States are not required to have the authority to actually deny proposed rate increases.
Currently, according to HHS, 43 of the states review rates in the individual or small group market, or both, and at least 10 more have indicated an interest in pursuing greater regulatory authority. HHS states in the preamble that “a significant majority of States would currently meet the standards for having an effective rate review process” in one or both of the relevant markets, although a recent study of state rate review programs by the Kaiser Family Foundation projects a much less sanguine view of state rate review authority and of the exercise of that authority.
If effective state rate review authority is not available, HHS will review the proposed increase in terms of whether it is excessive (in relationship to the value of benefits offered and considering the insurers medical loss ratio); unjustified (by the documentation and data), or unfairly discriminatory. If HHS determines that a proposed rate increase is unreasonable, it will post this determination on its website along with a brief explanation. It will also post a state determination that a rate increase is unreasonable. The insurer may then abandon the proposed rate increase, reduce it, or implement it. If the insurer decides to proceed with the unreasonable rate increase, it must submit to HHS and post on its website a final justification of the rate increase. But in the end, Congress did not empower HHS to stop proposed increases.

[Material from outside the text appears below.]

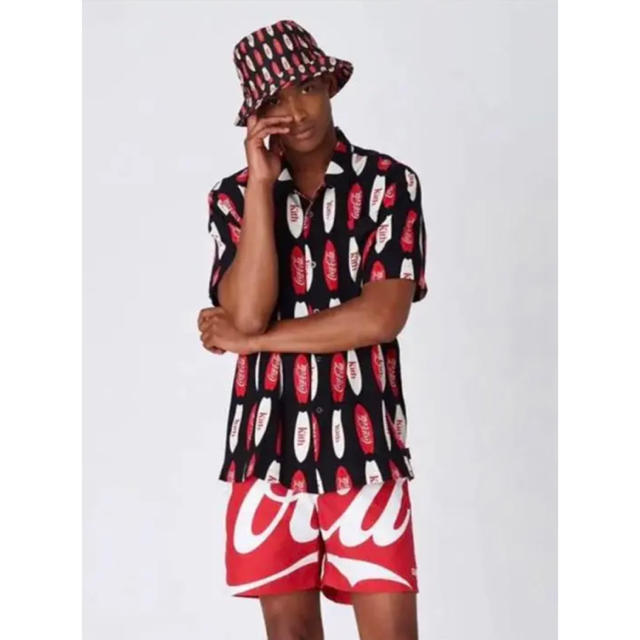 Supreme(シュプリーム)のkith x coca cola sarf camp callar shirt メンズのトップス(シャツ)の商品写真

There is no role for consumers in the rate review process, other than that of publicizing the fact that a rate increase has been deemed unreasonable. HHS is seeking comment on whether an opportunity for the public to comment on rate review requests should be considered as a criterion for determining the effectiveness of a rate review program. Consumers are allowed to comment on rate increase proposals in some states, and HHS should consider both requiring states to allow consumer participation, as well as allowing consumer participation in its own rate review process.

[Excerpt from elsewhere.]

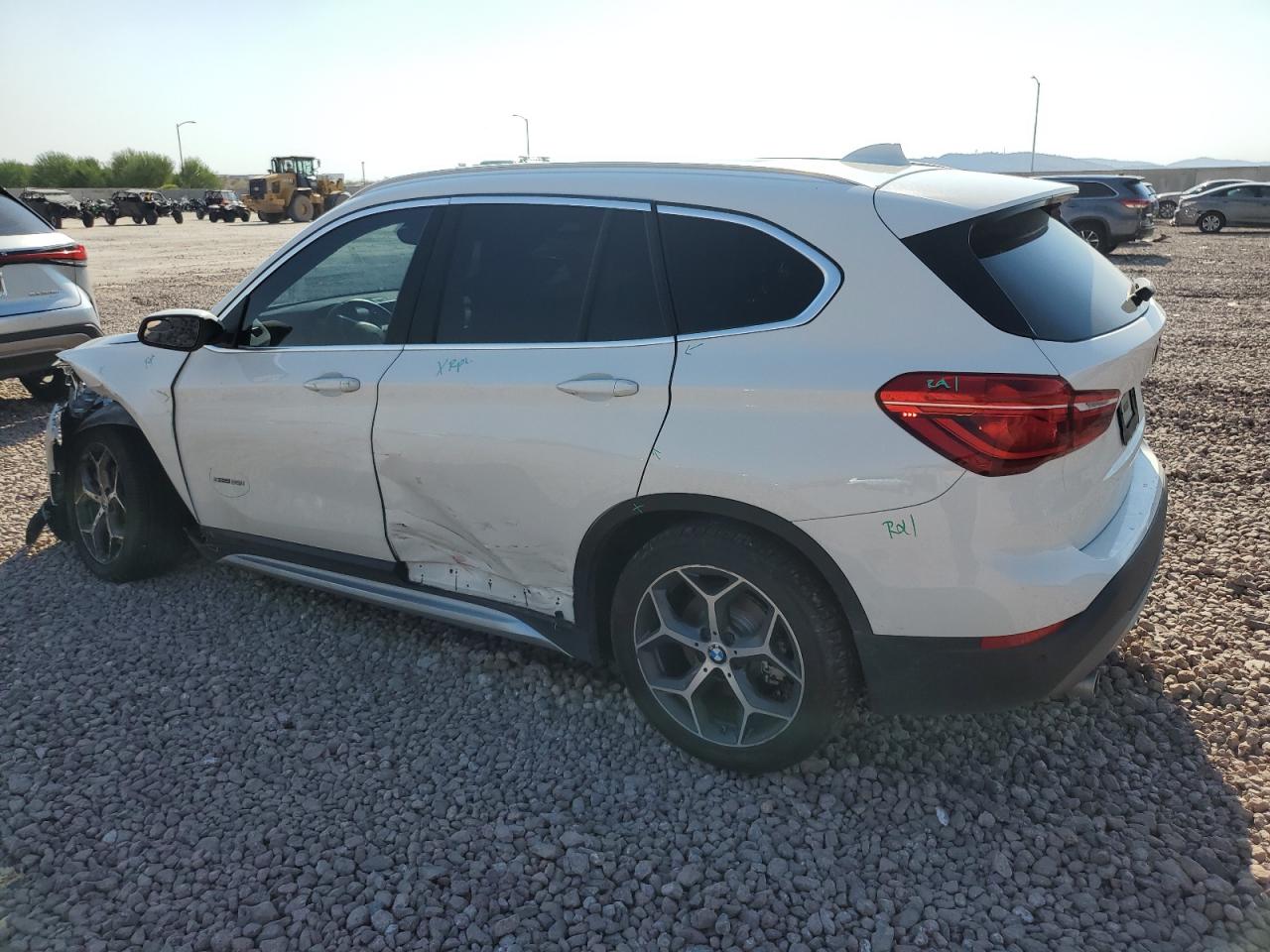 WBXHU7C33J5H39119 2018 BMW X1 - Image 2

A Year of Active Rulemaking
The rate review regulation concludes a very active year of rulemaking for HHS. The rate review regulation is the last of the immediate and first year reform regulations under the Affordable Care Act, and although some major regulations are expected next year (the exchange and uniform explanation of benefit regulations for example), and some interim final regulations may be revised, things should be quieter on the regulatory front. A discernable pattern has emerged from this first year regulatory effort, with HHS attempting to implement faithfully the consumer protections mandated by Congress while at the same time responding practically to industry concerns and being careful to respect the prerogatives of the states. Although AHIP’s response to the rate review regulation was predictably negative, in fact on first read the proposed regulation seems uncharacteristically tilted toward industry. Perhaps HHS is “triangulating,” given the new congressional realities, but I hope the final rule, and in particular the preliminary justification form, will be stronger than what is signaled by this proposal.